For some of you, maybe as we wind down this year and this decade, it’s time to have a think about what you want the next 10 years to look like? Maybe it’s time to do something incredibly selfish and take some time out just to focus on you?

This may be the best time to think about your job, your craft, your skill, your mission- and ask yourself these 5 big questions:

#1. What needs does it fulfil, beyond just paying bills?

#2. When you stop to think about it, does the money you make/ the holidays you take feel more like a bonus on top of your job, or compensation for your job?

#3. If this was always your dream job growing up- why was that? When you work out the underlying reason (or reasons), are they still relevant now?

#4. If you’re not quite “there” yet, what defines “there”, and what are the real reasons you want to be “there”?

#5. Understanding that no matter what you do brings problems and frustrations, do you really get something valuable out of doing whatever it is you do? Again- are the perks of the job a bonus, or compensation?

Taking the time out to truthfully answer these questions might feel uncomfortable and even confronting, but it could just save your life- figuratively now, and literally further down the track.

I can’t speak for Lewis, can’t give him the answer he maybe needs?

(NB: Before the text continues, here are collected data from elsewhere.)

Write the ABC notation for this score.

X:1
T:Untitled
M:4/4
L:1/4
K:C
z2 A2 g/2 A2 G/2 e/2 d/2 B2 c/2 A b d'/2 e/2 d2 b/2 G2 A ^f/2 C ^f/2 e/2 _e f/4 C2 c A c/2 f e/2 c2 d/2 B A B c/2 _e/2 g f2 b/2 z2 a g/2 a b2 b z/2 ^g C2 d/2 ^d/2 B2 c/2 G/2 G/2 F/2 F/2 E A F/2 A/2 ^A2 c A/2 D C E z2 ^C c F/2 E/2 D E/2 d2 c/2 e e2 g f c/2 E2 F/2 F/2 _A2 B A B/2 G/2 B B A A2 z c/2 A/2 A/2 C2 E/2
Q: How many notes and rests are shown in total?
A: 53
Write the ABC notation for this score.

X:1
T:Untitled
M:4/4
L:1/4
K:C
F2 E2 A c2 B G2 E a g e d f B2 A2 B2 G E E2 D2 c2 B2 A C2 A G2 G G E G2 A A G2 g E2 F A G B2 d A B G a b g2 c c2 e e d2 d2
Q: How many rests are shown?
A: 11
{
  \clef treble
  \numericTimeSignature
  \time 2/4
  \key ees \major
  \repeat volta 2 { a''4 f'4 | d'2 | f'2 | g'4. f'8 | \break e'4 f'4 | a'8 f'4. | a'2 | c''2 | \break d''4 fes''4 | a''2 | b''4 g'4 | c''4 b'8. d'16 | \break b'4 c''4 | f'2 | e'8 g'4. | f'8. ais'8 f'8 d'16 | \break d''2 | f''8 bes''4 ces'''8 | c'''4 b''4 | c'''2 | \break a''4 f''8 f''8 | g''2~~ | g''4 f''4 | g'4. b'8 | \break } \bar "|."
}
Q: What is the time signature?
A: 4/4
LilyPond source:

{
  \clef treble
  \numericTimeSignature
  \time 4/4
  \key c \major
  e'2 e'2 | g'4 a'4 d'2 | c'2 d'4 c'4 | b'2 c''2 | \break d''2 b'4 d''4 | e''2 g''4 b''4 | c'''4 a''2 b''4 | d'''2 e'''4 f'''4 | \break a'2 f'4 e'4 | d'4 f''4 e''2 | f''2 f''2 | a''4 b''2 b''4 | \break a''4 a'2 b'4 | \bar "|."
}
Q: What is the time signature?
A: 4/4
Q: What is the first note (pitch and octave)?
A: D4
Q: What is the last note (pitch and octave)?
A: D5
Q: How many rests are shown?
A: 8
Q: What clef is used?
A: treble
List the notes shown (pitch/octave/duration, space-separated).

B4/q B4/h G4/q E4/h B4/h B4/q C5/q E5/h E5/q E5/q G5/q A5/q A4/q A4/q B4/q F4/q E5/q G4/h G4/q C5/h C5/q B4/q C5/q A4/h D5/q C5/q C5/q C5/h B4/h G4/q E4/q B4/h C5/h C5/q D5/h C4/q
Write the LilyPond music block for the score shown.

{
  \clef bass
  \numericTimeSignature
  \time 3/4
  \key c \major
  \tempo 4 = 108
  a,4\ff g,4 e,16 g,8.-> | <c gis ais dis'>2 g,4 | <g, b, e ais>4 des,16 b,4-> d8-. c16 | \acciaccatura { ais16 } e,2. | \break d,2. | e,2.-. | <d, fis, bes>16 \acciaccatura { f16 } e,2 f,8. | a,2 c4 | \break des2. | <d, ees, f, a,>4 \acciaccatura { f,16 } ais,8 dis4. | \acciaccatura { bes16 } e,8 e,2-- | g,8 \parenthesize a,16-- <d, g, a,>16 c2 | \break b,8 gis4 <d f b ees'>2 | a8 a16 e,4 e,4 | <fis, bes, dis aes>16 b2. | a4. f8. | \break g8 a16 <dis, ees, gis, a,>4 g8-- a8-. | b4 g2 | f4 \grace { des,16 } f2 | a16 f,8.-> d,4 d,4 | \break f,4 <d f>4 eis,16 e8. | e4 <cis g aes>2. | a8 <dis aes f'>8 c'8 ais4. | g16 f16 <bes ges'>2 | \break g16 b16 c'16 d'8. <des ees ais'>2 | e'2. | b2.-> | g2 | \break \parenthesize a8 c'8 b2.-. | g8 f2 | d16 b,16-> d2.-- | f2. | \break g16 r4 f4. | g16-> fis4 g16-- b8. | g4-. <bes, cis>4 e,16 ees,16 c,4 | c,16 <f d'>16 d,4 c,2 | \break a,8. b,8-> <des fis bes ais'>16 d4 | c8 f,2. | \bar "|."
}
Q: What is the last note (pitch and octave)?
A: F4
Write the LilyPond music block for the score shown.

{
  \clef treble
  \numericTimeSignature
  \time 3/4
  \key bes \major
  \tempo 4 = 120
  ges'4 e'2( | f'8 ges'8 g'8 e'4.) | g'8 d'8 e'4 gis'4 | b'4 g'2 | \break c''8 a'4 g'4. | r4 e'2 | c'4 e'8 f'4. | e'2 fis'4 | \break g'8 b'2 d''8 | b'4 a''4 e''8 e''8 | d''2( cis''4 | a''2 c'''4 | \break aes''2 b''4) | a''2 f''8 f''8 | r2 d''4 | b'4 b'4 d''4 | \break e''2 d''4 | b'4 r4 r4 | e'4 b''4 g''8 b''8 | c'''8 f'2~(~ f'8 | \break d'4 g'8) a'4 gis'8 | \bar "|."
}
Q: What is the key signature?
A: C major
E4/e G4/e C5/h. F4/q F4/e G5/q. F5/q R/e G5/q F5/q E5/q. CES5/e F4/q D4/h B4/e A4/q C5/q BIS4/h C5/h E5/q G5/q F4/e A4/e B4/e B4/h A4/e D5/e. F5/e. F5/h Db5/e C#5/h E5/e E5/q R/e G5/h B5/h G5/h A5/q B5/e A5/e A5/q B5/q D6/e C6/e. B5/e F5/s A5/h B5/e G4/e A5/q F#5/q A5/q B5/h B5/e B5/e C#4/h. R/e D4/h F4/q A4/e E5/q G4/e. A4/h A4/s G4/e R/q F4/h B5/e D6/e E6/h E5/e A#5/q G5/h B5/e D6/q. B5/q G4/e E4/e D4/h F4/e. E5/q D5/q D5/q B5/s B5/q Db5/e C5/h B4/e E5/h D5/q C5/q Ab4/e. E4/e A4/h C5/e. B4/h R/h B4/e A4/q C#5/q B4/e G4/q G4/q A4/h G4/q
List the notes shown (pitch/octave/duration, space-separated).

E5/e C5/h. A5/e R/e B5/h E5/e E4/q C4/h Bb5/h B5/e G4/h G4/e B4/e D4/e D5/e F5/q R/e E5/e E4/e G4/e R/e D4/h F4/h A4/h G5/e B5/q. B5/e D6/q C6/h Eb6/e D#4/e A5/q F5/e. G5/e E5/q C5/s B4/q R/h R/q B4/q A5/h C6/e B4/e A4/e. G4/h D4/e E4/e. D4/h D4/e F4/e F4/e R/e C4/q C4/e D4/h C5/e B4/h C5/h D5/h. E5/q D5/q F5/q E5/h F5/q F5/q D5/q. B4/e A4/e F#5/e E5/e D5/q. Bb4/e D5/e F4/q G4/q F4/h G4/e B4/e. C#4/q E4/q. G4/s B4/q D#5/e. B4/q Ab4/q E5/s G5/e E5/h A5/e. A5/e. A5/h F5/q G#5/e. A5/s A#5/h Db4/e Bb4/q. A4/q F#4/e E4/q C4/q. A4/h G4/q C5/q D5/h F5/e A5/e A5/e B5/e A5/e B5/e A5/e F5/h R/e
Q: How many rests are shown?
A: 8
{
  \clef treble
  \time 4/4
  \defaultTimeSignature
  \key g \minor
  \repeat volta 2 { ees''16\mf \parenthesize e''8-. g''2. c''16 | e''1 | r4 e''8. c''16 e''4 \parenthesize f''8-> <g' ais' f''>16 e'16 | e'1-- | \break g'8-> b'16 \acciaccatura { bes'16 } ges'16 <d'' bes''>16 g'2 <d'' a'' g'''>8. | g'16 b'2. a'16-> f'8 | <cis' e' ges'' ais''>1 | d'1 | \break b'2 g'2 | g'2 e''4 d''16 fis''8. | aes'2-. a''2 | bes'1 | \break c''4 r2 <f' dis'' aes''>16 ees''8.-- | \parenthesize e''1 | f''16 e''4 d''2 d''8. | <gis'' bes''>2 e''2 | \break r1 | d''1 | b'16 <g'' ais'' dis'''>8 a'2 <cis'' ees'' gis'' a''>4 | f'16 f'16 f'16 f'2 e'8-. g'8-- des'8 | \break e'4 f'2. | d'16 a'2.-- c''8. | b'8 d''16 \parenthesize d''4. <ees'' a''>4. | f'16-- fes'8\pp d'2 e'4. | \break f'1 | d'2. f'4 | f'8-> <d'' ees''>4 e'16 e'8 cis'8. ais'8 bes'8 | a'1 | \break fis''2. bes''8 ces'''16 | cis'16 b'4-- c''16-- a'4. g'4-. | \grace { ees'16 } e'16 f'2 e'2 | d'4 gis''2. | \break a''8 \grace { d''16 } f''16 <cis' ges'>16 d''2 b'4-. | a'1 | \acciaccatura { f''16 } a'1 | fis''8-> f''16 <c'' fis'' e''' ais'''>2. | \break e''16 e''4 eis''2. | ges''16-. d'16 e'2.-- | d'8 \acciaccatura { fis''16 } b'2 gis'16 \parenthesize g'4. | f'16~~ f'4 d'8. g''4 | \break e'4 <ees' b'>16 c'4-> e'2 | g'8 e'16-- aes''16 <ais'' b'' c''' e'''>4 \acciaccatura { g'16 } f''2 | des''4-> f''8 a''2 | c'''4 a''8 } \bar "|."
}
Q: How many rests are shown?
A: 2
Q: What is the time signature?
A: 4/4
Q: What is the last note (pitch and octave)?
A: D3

Perhaps winning yet another World Championship has revealed to him that purpose he seeks? Or maybe he’s still searching for it?

I imagine if my dream had come true, and I was a top F1 driver. For all the perks of that- I’m not so sure I’d be truly content? It was my boyhood dream, but looking back now I can see the underlying reasons I wanted it, beyond simply enjoying that feeling of driving fast and racing against other people-

I wanted the recognition.

I wanted the respect.

I wanted to feel as if I’d done better than my peers.

I wanted to know that I hadn’t settled for mediocrity, surrendered to the comfort of working an “ordinary” job.

I wanted the prestige and the success to rid me of the insecurities I discovered when I was 12 or 13, and reassure me that I was a “somebody” who amounted to something worthwhile…


Maybe I could’ve been a multiple Formula 1 World Champion and a popular Australian sports identity, followed by millions around the world?

Yet it still couldn’t have given me what I was looking for. I could’ve spent years- decades- chasing that rainbow’s end- but never reaching it. Then realise I’d sacrificed so much time and effort in so many areas- only to discover the rainbows’ end was an illusion.

And for me, that would’ve been the second one of life’s two great tragedies.

Because to find all those things I was really searching for, I had to look within. Eventually, I found it…

So here I am now, sitting on my bed and it’s nearly 1am on Tuesday morning and I can’t drag myself away yet even though I want to sleep, because I just have to get this out and finish it.

But I’m perfectly content to do so. My purpose has (in many ways) been further realised by this entrepreneurial journey- yet I know there’s still more to be discovered on the road ahead…

So I’m going to keep pressing on. And whatever path you take- whether you reevaluate the one you’re on and recognise it’s where you want to be headed- or whether you have to back-track or abandon the mission, it doesn’t matter-

Just so long as you can recognise chasing a rainbows’ end vs. aiming for a solid, concrete purpose- and go headlong for the latter, regardless of what anybody thinks or what your younger self thought was your dream or what your parents expected you to do- instead recognising your purpose and setting off in pursuit of that-

Because that’s the greatest reward of all.